[Problem to solve]
Copy the listing below in full, exactly.

[Records provided]
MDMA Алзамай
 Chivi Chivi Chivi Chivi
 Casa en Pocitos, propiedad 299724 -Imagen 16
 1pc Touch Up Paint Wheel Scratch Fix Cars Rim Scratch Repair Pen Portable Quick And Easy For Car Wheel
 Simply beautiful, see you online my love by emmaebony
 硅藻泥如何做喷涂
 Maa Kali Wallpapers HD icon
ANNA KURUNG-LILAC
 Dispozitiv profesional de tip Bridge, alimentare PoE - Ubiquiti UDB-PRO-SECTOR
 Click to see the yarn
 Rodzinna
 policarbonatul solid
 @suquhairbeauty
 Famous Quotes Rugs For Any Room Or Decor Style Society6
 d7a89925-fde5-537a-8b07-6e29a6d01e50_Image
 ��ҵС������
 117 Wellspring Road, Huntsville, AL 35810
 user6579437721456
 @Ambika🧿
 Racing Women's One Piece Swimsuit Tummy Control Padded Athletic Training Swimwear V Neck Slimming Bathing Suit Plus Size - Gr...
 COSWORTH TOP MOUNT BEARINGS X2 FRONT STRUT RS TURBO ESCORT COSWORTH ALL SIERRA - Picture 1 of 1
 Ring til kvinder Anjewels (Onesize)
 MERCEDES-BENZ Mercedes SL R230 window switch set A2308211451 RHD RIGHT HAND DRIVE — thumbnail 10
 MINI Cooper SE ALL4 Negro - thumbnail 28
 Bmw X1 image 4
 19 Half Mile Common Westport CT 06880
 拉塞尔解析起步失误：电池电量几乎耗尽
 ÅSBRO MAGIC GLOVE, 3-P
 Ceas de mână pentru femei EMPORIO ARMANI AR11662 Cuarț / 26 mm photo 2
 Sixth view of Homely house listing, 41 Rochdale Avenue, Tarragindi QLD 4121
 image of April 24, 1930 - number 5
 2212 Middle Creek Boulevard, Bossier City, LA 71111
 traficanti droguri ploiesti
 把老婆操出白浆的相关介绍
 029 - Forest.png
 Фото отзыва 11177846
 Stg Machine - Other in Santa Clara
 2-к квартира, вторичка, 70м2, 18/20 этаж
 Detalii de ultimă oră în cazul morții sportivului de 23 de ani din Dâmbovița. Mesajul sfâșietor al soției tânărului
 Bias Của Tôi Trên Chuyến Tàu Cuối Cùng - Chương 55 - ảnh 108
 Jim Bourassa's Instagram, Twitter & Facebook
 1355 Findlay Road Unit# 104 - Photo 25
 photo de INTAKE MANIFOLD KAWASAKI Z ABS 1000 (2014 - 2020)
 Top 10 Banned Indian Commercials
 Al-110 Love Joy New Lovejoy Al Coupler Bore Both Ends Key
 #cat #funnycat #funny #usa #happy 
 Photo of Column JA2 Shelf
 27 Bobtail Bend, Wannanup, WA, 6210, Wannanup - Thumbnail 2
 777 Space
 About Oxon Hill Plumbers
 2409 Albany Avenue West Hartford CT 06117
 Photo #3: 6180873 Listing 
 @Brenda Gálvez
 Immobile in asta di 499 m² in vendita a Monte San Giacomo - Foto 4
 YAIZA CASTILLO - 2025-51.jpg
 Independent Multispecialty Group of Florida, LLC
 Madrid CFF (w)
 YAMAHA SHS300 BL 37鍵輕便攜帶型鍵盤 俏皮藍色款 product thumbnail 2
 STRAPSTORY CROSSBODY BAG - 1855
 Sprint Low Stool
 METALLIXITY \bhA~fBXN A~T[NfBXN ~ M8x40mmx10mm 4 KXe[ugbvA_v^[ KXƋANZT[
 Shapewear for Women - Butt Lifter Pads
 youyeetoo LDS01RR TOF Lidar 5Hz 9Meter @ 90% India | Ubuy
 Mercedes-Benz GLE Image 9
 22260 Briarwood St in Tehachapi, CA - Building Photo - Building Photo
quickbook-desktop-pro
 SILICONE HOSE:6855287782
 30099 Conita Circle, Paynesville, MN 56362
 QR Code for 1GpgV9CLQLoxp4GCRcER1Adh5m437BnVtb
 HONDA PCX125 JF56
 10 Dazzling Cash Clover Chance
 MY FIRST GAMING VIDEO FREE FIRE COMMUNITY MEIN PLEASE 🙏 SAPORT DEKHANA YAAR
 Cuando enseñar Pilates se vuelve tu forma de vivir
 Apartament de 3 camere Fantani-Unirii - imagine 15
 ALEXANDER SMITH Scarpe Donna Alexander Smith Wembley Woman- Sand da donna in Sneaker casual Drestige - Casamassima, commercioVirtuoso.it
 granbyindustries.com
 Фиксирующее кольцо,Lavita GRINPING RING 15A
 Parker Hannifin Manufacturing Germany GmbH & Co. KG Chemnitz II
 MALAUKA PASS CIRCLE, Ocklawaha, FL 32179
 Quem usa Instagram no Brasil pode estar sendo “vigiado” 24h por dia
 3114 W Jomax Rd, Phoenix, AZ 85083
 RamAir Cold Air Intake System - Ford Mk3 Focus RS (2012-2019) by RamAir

[Final answer]
MDMA Алзамай
 Chivi Chivi Chivi Chivi
 Casa en Pocitos, propiedad 299724 -Imagen 16
 1pc Touch Up Paint Wheel Scratch Fix Cars Rim Scratch Repair Pen Portable Quick And Easy For Car Wheel
 Simply beautiful, see you online my love by emmaebony
 硅藻泥如何做喷涂
 Maa Kali Wallpapers HD icon
ANNA KURUNG-LILAC
 Dispozitiv profesional de tip Bridge, alimentare PoE - Ubiquiti UDB-PRO-SECTOR
 Click to see the yarn
 Rodzinna
 policarbonatul solid
 @suquhairbeauty
 Famous Quotes Rugs For Any Room Or Decor Style Society6
 d7a89925-fde5-537a-8b07-6e29a6d01e50_Image
 ��ҵС������
 117 Wellspring Road, Huntsville, AL 35810
 user6579437721456
 @Ambika🧿
 Racing Women's One Piece Swimsuit Tummy Control Padded Athletic Training Swimwear V Neck Slimming Bathing Suit Plus Size - Gr...
 COSWORTH TOP MOUNT BEARINGS X2 FRONT STRUT RS TURBO ESCORT COSWORTH ALL SIERRA - Picture 1 of 1
 Ring til kvinder Anjewels (Onesize)
 MERCEDES-BENZ Mercedes SL R230 window switch set A2308211451 RHD RIGHT HAND DRIVE — thumbnail 10
 MINI Cooper SE ALL4 Negro - thumbnail 28
 Bmw X1 image 4
 19 Half Mile Common Westport CT 06880
 拉塞尔解析起步失误：电池电量几乎耗尽
 ÅSBRO MAGIC GLOVE, 3-P
 Ceas de mână pentru femei EMPORIO ARMANI AR11662 Cuarț / 26 mm photo 2
 Sixth view of Homely house listing, 41 Rochdale Avenue, Tarragindi QLD 4121
 image of April 24, 1930 - number 5
 2212 Middle Creek Boulevard, Bossier City, LA 71111
 traficanti droguri ploiesti
 把老婆操出白浆的相关介绍
 029 - Forest.png
 Фото отзыва 11177846
 Stg Machine - Other in Santa Clara
 2-к квартира, вторичка, 70м2, 18/20 этаж
 Detalii de ultimă oră în cazul morții sportivului de 23 de ani din Dâmbovița. Mesajul sfâșietor al soției tânărului
 Bias Của Tôi Trên Chuyến Tàu Cuối Cùng - Chương 55 - ảnh 108
 Jim Bourassa's Instagram, Twitter & Facebook
 1355 Findlay Road Unit# 104 - Photo 25
 photo de INTAKE MANIFOLD KAWASAKI Z ABS 1000 (2014 - 2020)
 Top 10 Banned Indian Commercials
 Al-110 Love Joy New Lovejoy Al Coupler Bore Both Ends Key
 #cat #funnycat #funny #usa #happy 
 Photo of Column JA2 Shelf
 27 Bobtail Bend, Wannanup, WA, 6210, Wannanup - Thumbnail 2
 777 Space
 About Oxon Hill Plumbers
 2409 Albany Avenue West Hartford CT 06117
 Photo #3: 6180873 Listing 
 @Brenda Gálvez
 Immobile in asta di 499 m² in vendita a Monte San Giacomo - Foto 4
 YAIZA CASTILLO - 2025-51.jpg
 Independent Multispecialty Group of Florida, LLC
 Madrid CFF (w)
 YAMAHA SHS300 BL 37鍵輕便攜帶型鍵盤 俏皮藍色款 product thumbnail 2
 STRAPSTORY CROSSBODY BAG - 1855
 Sprint Low Stool
 METALLIXITY \bhA~fBXN A~T[NfBXN ~ M8x40mmx10mm 4 KXe[ugbvA_v^[ KXƋANZT[
 Shapewear for Women - Butt Lifter Pads
 youyeetoo LDS01RR TOF Lidar 5Hz 9Meter @ 90% India | Ubuy
 Mercedes-Benz GLE Image 9
 22260 Briarwood St in Tehachapi, CA - Building Photo - Building Photo
quickbook-desktop-pro
 SILICONE HOSE:6855287782
 30099 Conita Circle, Paynesville, MN 56362
 QR Code for 1GpgV9CLQLoxp4GCRcER1Adh5m437BnVtb
 HONDA PCX125 JF56
 10 Dazzling Cash Clover Chance
 MY FIRST GAMING VIDEO FREE FIRE COMMUNITY MEIN PLEASE 🙏 SAPORT DEKHANA YAAR
 Cuando enseñar Pilates se vuelve tu forma de vivir
 Apartament de 3 camere Fantani-Unirii - imagine 15
 ALEXANDER SMITH Scarpe Donna Alexander Smith Wembley Woman- Sand da donna in Sneaker casual Drestige - Casamassima, commercioVirtuoso.it
 granbyindustries.com
 Фиксирующее кольцо,Lavita GRINPING RING 15A
 Parker Hannifin Manufacturing Germany GmbH & Co. KG Chemnitz II
 MALAUKA PASS CIRCLE, Ocklawaha, FL 32179
 Quem usa Instagram no Brasil pode estar sendo “vigiado” 24h por dia
 3114 W Jomax Rd, Phoenix, AZ 85083
 RamAir Cold Air Intake System - Ford Mk3 Focus RS (2012-2019) by RamAir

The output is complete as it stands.